**BRIEF:**
Pictures aside, repeat the listing below exactly.
### EXERCISE DATA
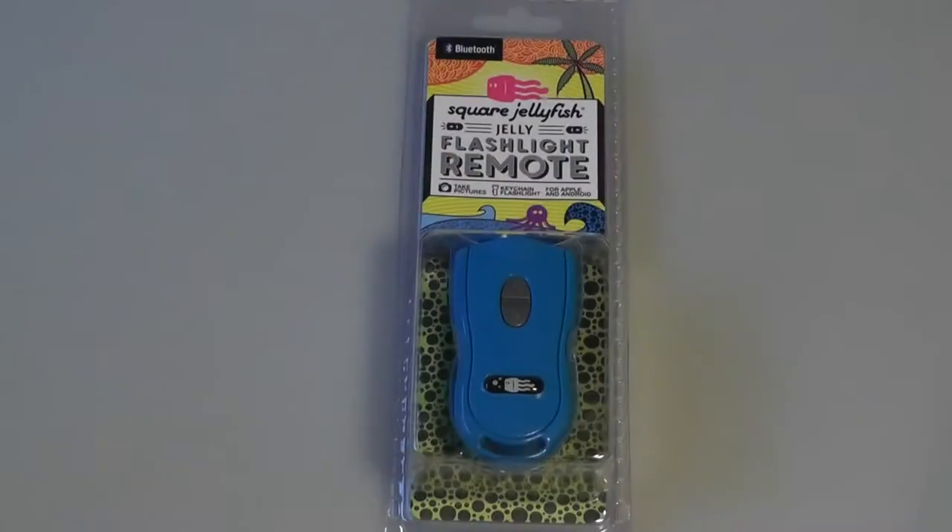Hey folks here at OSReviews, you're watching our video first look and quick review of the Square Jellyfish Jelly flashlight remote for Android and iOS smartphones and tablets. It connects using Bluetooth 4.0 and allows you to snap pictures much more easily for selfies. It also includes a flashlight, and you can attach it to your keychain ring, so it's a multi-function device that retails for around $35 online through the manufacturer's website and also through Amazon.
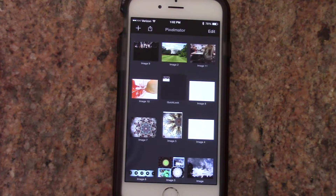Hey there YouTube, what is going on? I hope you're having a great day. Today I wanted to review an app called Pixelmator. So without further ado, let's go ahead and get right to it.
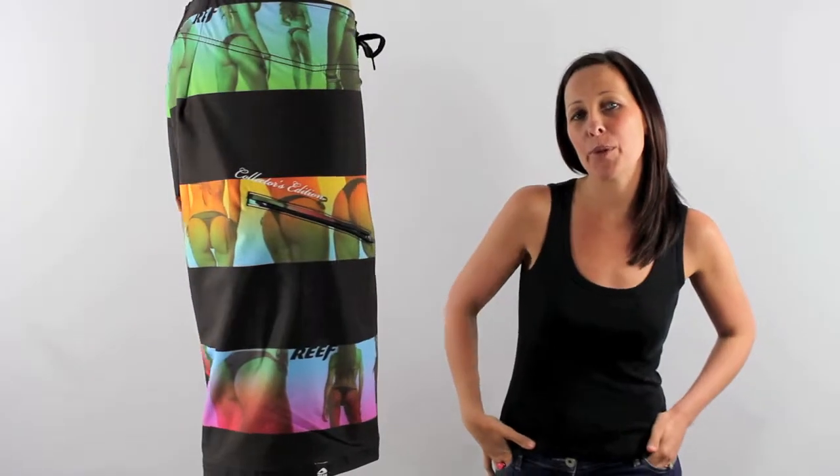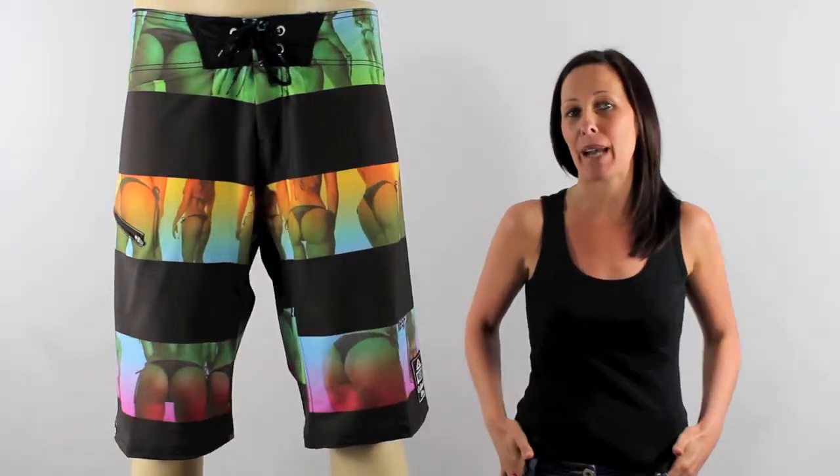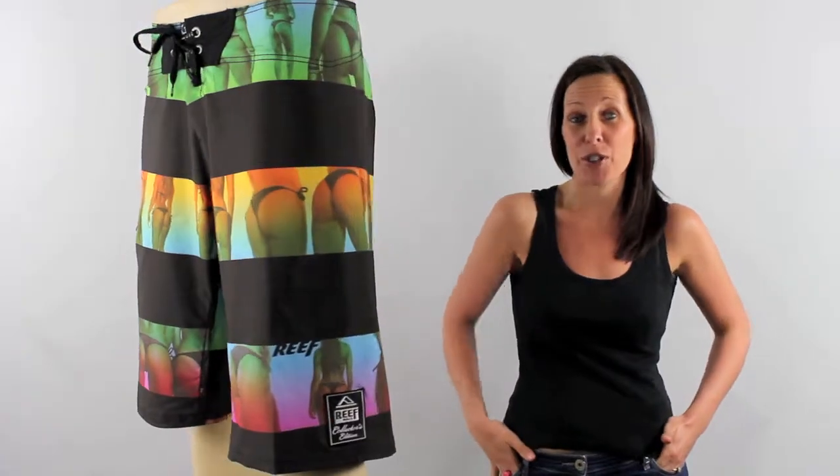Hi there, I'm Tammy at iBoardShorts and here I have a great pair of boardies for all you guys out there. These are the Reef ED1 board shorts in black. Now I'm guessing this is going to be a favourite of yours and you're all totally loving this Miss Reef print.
######
**EXERCISE RESPONSE:**
Hey folks here at OSReviews, you're watching our video first look and quick review of the Square Jellyfish Jelly flashlight remote for Android and iOS smartphones and tablets. It connects using Bluetooth 4.0 and allows you to snap pictures much more easily for selfies. It also includes a flashlight, and you can attach it to your keychain ring, so it's a multi-function device that retails for around $35 online through the manufacturer's website and also through Amazon.
Hey there YouTube, what is going on? I hope you're having a great day. Today I wanted to review an app called Pixelmator. So without further ado, let's go ahead and get right to it.
Hi there, I'm Tammy at iBoardShorts and here I have a great pair of boardies for all you guys out there. These are the Reef ED1 board shorts in black. Now I'm guessing this is going to be a favourite of yours and you're all totally loving this Miss Reef print.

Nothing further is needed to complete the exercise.